Por isso, duas medidas podem ser utilizadas aqui. Primeiro, podemos tampar as tomadas. Se temos algumas que não usamos, podemos instalar espelhos cegos nelas, para que os buraquinhos fiquem escondidos. Outras alternativas são colocar móveis na frente das tomadas ou instalá-las no alto. Podemos também tampar só as saídas da tomada, com pecinhas pequenas de plástico. Mas nesse caso precisamos ficar atentos. Já presenciei uma criança retirando uma dessas pecinhas com um clip de papel – de metal, e muitas crianças arrancando isso com os dedos e as unhas. Funciona enquanto eles são muito pequenos, depois não mais.

Quando crescem, talvez mais do que esconder as tomadas, seja útil ensinar como lidar com elas. Bem devagar, ensinar a colocar os plugs nas tomadas, com cuidado e segurando os plugs claramente só pela parte de plástico. É válido ainda dar alertas à criança de que ela só deve usar tomadas com um adulto por perto e que nunca deve colocar os dedos ou alguma outra coisa nas tomadas, diferente dos plugs. É a vida da criança que está sendo protegida, e precisamos fazer isso direito.
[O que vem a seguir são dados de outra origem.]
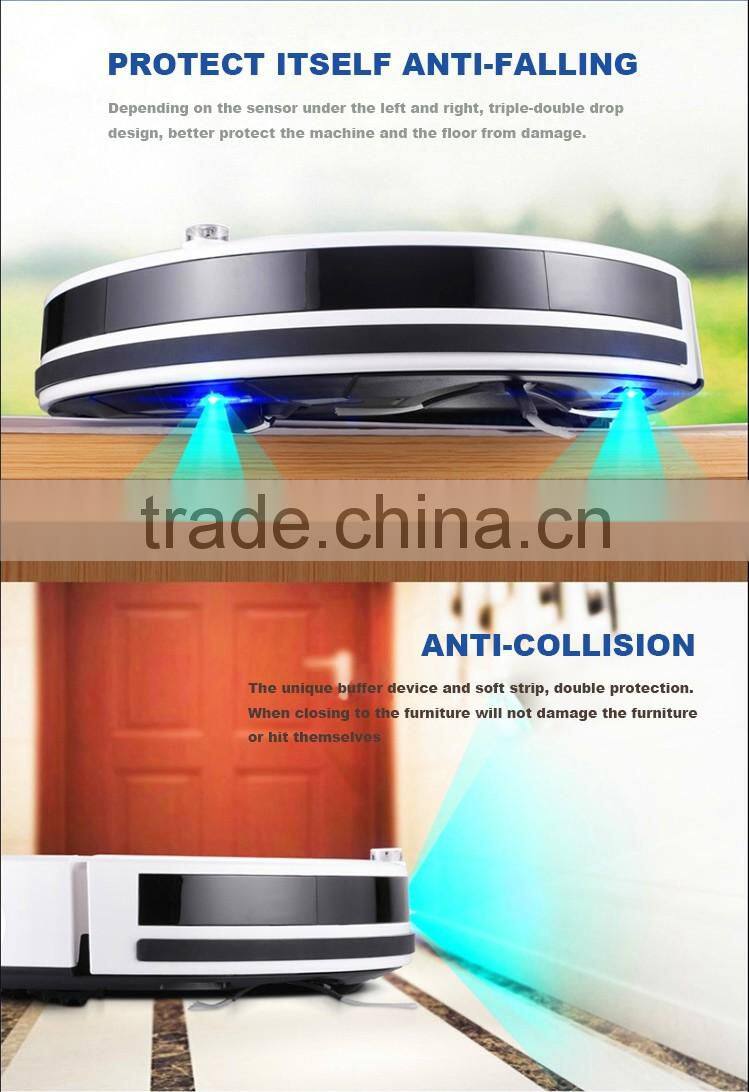 China Whole Sale Cheap Robotic Vacuum Cleaner Vacum Cleaning Robot Cleaners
Um terceiro ponto importante tem a ver com o quarto montessoriano. No quarto montessoriano, sabemos, as camas ficam no chão. Isso é necessário porque a criança precisa conseguir subir e descer da cama com a mesma facilidade que nós subimos e descemos das nossas. Por isso não vale uma cama “normal mas que ele consegue subir e descer”, porque nesse caso, se trata de uma cama sobre a qual a criança sobe com esforço demais, e isso atrapalha inclusive seu sono, pois a desperta muito. A cama precisa ser no chão, mas precisamos cuidar dessa cama.

Não são necessárias grades em volta da cama. Cair de uma cama no chão não machuca, e é importante. É caindo que a criança aprende a não cair da cama, e a controlar seus movimentos enquanto dorme. Mas outras atenções devem ser dispensadas: é necessário isolar o colchão do chão, para o frio do piso não passar para o corpo da criança durante a noite. É necessário que se limpe embaixo do colchão e que ele seja virado de tempos em tempos, que se cuide para evitar mofo. Finalmente, em cidades mais frias, é necessário cobrir muito bem a criança, com agasalhos, mais do que com cobertas, que saem durante a noite. Isso é especialmente importante porque com a cama rente ao chão, o ar frio fica na mesma região em que a criança dorme. E assegurar a temperatura de seu corpo também é proteger sua vida.

O ambiente preparado deve ser aquele que melhor provê meios para a criança crescer e se desenvolver com liberdade e o máximo de independência. Liberdade, aqui, não é a ausência de qualquer proteção, limite e cuidado. Não é deixar a criança à própria sorte. Isso seria uma forma de abandono que viria por aniquilar o gênero humano. O ser humano precisa de limites, precisa de proteção e precisa de cuidado, especialmente em seus primeiros anos de vida.

É falso imaginar que porque Montessori defende a liberdade, o método Montessori consiste em não fazermos nada para prepararmos o ambiente e deixarmos que a criança faça o que quiser em um ambiente que nada tem de próprio para ela. O método é uma pedagogia científica que consiste em preparar um ambiente com cuidados totais, retirar dele obstáculos ao desenvolvimento – e inclui-se aqui qualquer coisa que ameace a vida – e então observar a criança em liberdade. A segurança não é só importante em um ambiente montessoriano. Ela é uma das bases do próprio ambiente. Só em um ambiente seguro podemos, sem medo, permitir a liberdade total da criança.

Preparação de Ambientes

4 comentários

  1. Obrigada mais uma vez, Gabriel. Pelo texto e pelo seu trabalho em trazer Montessori para mais e mais perto da realidade de muitas famílias. Quando decidi estudar o método Montessori percebi logo que isso duraria o resto da vida: ele é tão grande quanto o universo para o qual foi criado. Obrigada por me ajudar nessa jornada.

  2. Evitaríamos muito aborrecimento, muito perigo, muita desobediência por parte dos pequenos, por que percebo que muito dos danos causado em lares comuns ´e o de que as crianças querem tocar, experimentar saber o tempo todo mesmo que inconscientemente, ela quer interagir com o meio, ora se é assim que ela aprende.Obrigada Gabriel.